A picture rose unbidden in Ralph’s mind—six cowboy pallbearers carrying a plank coffin. He sensed the arrival of another confluence.

“The old graveyard in Canning Township,” Marcy said. “Terry took me out once, and it looked like nobody had been buried there for a long time, or even visited. There were no flowers or memorial flags. Just some crumbling grave markers. You couldn’t read the names on most of them.”

Startled, Ralph glanced at Yune, who nodded slightly.

“That’s why he was interested in that book in the newsstand,” Bill Samuels said in a low voice. “A Pictorial History of Flint County, Douree County, and Canning Township.”

Marcy continued to wipe her eyes with Jeannie’s handkerchief. “Of course he would have been interested in a book like that. There have been Maitlands in this part of the state ever since the Land Rush of 1889. Terry’s great-great-grandparents—or maybe even a generation greater than that, I don’t know for sure—settled in Canning.”

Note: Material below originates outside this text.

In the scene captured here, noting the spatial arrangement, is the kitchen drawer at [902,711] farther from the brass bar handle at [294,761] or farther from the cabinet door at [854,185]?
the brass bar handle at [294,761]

“Not in Flint City?” Alec asked.

“There was no Flint City back then. Just a little village called Flint, a wide spot in the road. Until statehood, in the early twentieth century, Canning was the biggest town in the area. Named after the biggest landowner, of course. When it came to acreage, the Maitlands were second or third. Canning was an important town until the big dust storms came in the twenties and thirties, when most of the good topsoil blew away. These days there’s nothing out there but a store and a church hardly anyone goes to.”

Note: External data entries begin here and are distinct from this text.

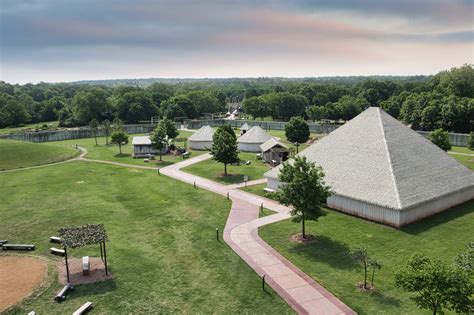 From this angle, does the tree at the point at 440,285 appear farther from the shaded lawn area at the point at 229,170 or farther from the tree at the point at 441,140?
the tree at the point at 441,140

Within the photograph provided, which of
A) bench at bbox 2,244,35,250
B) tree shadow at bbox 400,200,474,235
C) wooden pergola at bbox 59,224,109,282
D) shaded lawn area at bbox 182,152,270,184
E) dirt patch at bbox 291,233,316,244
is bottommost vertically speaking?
dirt patch at bbox 291,233,316,244

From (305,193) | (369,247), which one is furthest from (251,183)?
(369,247)

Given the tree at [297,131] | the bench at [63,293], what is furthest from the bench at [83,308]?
the tree at [297,131]

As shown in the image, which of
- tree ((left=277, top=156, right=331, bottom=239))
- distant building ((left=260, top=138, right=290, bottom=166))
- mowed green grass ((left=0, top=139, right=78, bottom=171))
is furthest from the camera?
mowed green grass ((left=0, top=139, right=78, bottom=171))

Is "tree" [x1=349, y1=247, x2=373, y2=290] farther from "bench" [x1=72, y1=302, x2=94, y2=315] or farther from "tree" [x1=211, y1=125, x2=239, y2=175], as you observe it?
"tree" [x1=211, y1=125, x2=239, y2=175]

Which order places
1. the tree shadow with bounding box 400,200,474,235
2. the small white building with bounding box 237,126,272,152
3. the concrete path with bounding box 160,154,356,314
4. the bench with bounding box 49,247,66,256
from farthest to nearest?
the small white building with bounding box 237,126,272,152
the tree shadow with bounding box 400,200,474,235
the bench with bounding box 49,247,66,256
the concrete path with bounding box 160,154,356,314

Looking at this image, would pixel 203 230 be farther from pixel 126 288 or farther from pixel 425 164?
pixel 425 164

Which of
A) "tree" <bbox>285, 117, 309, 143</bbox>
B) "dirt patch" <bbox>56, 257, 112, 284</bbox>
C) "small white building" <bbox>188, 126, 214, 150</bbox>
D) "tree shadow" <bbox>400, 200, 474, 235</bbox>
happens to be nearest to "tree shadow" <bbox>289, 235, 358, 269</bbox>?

“And the graveyard,” Alec said. “Where people did their burying until the town dried up. Including a bunch of Terry’s ancestors.”

Marcy smiled wanly. “That graveyard . . . I thought it was awful. Like an empty house nobody cares about.”

Yune said, “If this outsider was absorbing Terry’s thoughts and memories as the transformation progressed, then he would have known about the graveyard.” He was looking at one of the pictures on the wall now, but Ralph had a good idea what was going through his mind. It was going through his, as well. The barn. The discarded clothes.

“According to the legends—there are dozens about El Cuco online—these creatures like places of death,” Holly said. “It’s where they feel most at home.”

“If there are creatures who eat sadness,” Jeannie mused, “a graveyard would make a nice cafeteria, wouldn’t it?”

Ralph wished mightily that his wife hadn’t come. If not for her, he would have been out the door ten minutes ago. Yes, the barn where the clothes had been found was near that dusty old boneyard. Yes, the goo that had turned the hay black was puzzling, and yes, perhaps there had been an outsider. That was a theory he was willing to accept, at least for the time being. It explained a lot. An outsider who was consciously re-creating a Mexican legend would explain even more . . . but it didn’t explain the disappearing man at the courthouse, or how Terry Maitland could have been in two places at the same time. He kept coming up against those things; they were like pebbles lodged in his throat.